> _Exercise_: Below are entries. Copy exactly the lines running from the line that holds "Foldable Travel Duffel" to the line that holds "Kleine Umhängetasche für", with both ends included.

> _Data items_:
+++++
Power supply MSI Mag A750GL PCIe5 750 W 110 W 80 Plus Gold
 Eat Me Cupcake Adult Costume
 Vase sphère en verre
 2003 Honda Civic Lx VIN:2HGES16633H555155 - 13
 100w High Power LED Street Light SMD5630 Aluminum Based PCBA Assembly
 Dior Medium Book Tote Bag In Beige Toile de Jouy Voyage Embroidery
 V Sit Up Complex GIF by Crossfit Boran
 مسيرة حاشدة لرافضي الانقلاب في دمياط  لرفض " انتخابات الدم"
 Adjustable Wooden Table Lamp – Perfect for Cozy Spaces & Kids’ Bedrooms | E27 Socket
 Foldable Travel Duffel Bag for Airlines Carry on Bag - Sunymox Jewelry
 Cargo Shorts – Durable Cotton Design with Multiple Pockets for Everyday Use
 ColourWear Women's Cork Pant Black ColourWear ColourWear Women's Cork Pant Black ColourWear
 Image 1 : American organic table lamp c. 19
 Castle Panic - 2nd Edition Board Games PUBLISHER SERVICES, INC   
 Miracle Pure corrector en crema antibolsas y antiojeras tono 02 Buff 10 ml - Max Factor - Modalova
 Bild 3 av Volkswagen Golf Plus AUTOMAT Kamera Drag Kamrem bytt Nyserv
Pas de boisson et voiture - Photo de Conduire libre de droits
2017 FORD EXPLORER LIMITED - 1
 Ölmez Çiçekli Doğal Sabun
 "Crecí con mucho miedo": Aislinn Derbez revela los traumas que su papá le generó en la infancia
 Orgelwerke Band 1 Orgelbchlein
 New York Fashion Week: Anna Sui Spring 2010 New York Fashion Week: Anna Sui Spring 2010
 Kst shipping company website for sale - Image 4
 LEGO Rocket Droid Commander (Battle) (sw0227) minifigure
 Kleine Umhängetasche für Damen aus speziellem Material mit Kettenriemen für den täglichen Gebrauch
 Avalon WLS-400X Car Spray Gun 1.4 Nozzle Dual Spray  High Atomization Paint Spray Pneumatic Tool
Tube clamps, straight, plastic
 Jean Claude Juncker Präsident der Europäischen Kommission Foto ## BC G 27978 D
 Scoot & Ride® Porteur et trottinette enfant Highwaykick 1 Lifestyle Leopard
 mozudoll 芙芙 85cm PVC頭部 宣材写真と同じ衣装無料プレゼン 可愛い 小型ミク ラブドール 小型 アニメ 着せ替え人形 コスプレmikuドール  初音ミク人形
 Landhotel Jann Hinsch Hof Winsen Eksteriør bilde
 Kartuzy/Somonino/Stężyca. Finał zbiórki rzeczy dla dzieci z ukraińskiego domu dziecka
+++++
> _Answer space_:
 Foldable Travel Duffel Bag for Airlines Carry on Bag - Sunymox Jewelry
 Cargo Shorts – Durable Cotton Design with Multiple Pockets for Everyday Use
 ColourWear Women's Cork Pant Black ColourWear ColourWear Women's Cork Pant Black ColourWear
 Image 1 : American organic table lamp c. 19
 Castle Panic - 2nd Edition Board Games PUBLISHER SERVICES, INC   
 Miracle Pure corrector en crema antibolsas y antiojeras tono 02 Buff 10 ml - Max Factor - Modalova
 Bild 3 av Volkswagen Golf Plus AUTOMAT Kamera Drag Kamrem bytt Nyserv
Pas de boisson et voiture - Photo de Conduire libre de droits
2017 FORD EXPLORER LIMITED - 1
 Ölmez Çiçekli Doğal Sabun
 "Crecí con mucho miedo": Aislinn Derbez revela los traumas que su papá le generó en la infancia
 Orgelwerke Band 1 Orgelbchlein
 New York Fashion Week: Anna Sui Spring 2010 New York Fashion Week: Anna Sui Spring 2010
 Kst shipping company website for sale - Image 4
 LEGO Rocket Droid Commander (Battle) (sw0227) minifigure
 Kleine Umhängetasche für Damen aus speziellem Material mit Kettenriemen für den täglichen Gebrauch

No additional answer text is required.